Ferguson, UVA, and Our Cries for Justice



A couple years ago I was in the habit of visiting prisoners at Huntingdon State Penitentiary. I met some amazing gentlemen (and, I'll be honest, a couple creeps) for whom some poor choices as teenagers set them on the path to lifetime imprisonment in a stone cell in the middle of rural, central PA.

The most jarring, undeniable reality of that place was not the heavy, clanging doors that reverberated through the cold, empty halls. It was not the bleak, dehumanizing atmosphere of wasted lives at every turn. It was who was white and who was black. With no need for population counts, it was clear the majority of the prisoners were black or Latino and ALL the employees were white.

WHY?!?!?

The news from this week that keeps bringing me to tears and to my knees helps shed light on the heartbreaking, garment-tearing, cover myself in ashes and scream for justice "WHY?!?!?!"

How can "Drew" from UVA, and men like him, who lure women into dark rooms to initiate and encourage brutalizing, soul-shattering gang rape, go on with their lives? How can this evil done at their hands be so easily silenced as these men become our lawyers, business leaders, and politicians?

How can black men continue to be seen as a greater threat than white men? Honestly, I do not know what justice in Ferguson would actually look like. The letter of the law and the rightness of a thing seem so often to be at odds. But what I do know is that our black brothers and sisters are not speaking out of a vacuum. Their pain over the ruling in Ferguson MUST be heard and NOT be dismissed.

As we look at these stories, it is clear that injustice runs rampant. Money is winning. Institutional racism is winning. Prestige is winning. Power is winning.

These two stories this week have awoken with vengeance that sick in the stomach feeling that I had whenever I returned home after visiting prisoners. It has reignited the anger that stems from the dissonance between what I saw on the other side of that barbed wire and the conviction that white men are no better (and no worse) than black men.

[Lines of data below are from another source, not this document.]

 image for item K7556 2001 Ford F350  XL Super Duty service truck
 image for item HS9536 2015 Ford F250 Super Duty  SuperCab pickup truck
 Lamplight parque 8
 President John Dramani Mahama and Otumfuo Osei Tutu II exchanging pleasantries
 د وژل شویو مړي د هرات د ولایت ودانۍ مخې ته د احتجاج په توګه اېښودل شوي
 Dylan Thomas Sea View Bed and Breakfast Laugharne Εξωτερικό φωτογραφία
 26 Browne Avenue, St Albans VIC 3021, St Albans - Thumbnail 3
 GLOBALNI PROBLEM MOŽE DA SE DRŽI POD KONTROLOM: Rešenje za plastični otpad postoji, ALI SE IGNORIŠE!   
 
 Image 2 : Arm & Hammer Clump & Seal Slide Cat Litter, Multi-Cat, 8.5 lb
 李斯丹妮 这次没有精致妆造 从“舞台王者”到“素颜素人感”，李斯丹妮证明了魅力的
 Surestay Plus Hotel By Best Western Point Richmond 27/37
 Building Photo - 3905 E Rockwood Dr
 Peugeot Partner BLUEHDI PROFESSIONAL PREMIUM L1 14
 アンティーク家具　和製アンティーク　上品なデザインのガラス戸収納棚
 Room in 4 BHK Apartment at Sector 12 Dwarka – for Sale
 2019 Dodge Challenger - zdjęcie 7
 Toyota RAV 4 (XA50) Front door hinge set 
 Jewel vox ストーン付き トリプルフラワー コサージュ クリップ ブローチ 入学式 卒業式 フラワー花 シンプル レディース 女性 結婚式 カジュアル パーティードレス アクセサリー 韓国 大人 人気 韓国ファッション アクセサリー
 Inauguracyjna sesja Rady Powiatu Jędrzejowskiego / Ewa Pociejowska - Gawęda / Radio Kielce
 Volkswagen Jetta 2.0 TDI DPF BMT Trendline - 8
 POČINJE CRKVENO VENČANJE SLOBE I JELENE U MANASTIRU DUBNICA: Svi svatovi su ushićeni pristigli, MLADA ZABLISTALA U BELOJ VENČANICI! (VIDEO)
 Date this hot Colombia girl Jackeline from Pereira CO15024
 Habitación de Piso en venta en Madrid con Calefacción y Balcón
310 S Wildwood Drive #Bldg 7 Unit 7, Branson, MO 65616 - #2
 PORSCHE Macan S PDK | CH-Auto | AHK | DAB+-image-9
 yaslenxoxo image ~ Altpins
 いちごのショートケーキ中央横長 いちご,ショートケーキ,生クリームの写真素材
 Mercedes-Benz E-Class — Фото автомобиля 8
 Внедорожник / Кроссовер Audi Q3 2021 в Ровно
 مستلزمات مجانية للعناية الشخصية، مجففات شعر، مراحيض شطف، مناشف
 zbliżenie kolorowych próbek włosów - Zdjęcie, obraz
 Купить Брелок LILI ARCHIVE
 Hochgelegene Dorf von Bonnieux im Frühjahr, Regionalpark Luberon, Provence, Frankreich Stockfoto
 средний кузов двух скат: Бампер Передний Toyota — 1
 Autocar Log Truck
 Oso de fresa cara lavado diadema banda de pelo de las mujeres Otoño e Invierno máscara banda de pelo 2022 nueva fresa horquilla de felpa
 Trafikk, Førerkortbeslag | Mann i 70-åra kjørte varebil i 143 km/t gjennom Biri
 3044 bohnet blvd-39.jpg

Injustice overwhelms. It's immense pressure either paralyzes us or makes us snap. A lot of people have snapped this week under the weight of injustice. And I praise God for that. May it lead to change. May it lead to justice for our nation's young black men and for our southern college girls alike.
The spirit of the Lord GOD is upon me, because the LORD has anointed me; he has sent me to bring good news to the oppressed, to bind up the brokenhearted, to proclaim liberty to the captives, and release to the prisoners;
To proclaim the year of the Lord's favor, and the day of vengeance of our God; to comfort all who mourn;
For I the LORD love justice, I hate robbery and wrongdoing; I will faithfully give them their recompense, and I will make an everlasting covenant with them. 
For as the earth brings forth its shoots, and as a garden causes what is sown in it to spring up, so the Lord GOD will cause righteousness and praise to spring up before all the nations.